*** Begin section ***

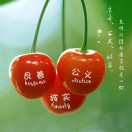 曉得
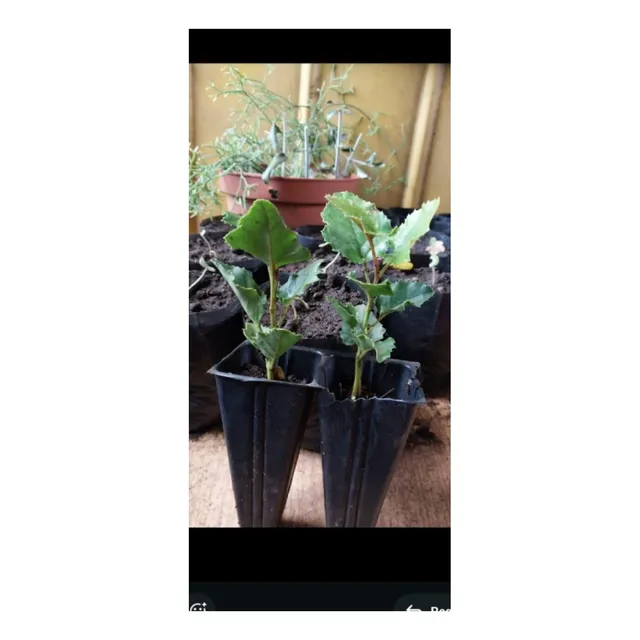 Avellano Chileno Planta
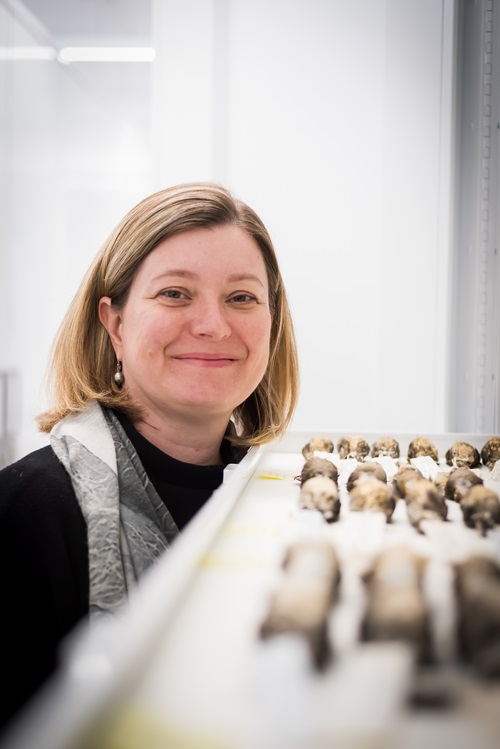 Dr Clare Holleley in the bird vault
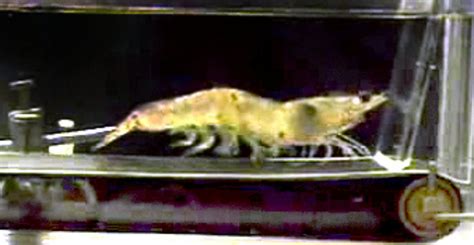 [Image - 25726] | Shrimp on a treadmill | Know Your Meme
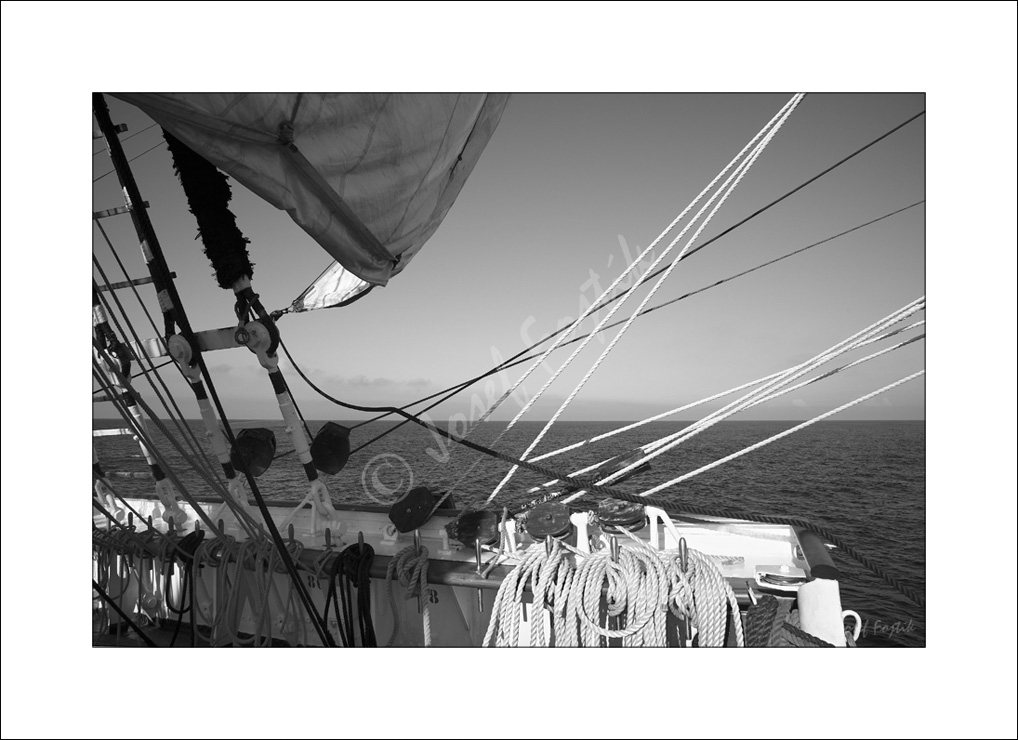 PSD0116009_BW.jpg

*** End section ***

*What is needed*
Write the material above out again exactly as it reads, but don't carry over the pictures.

*Solution for this task*
 曉得
 Avellano Chileno Planta
 Dr Clare Holleley in the bird vault
 [Image - 25726] | Shrimp on a treadmill | Know Your Meme
 PSD0116009_BW.jpg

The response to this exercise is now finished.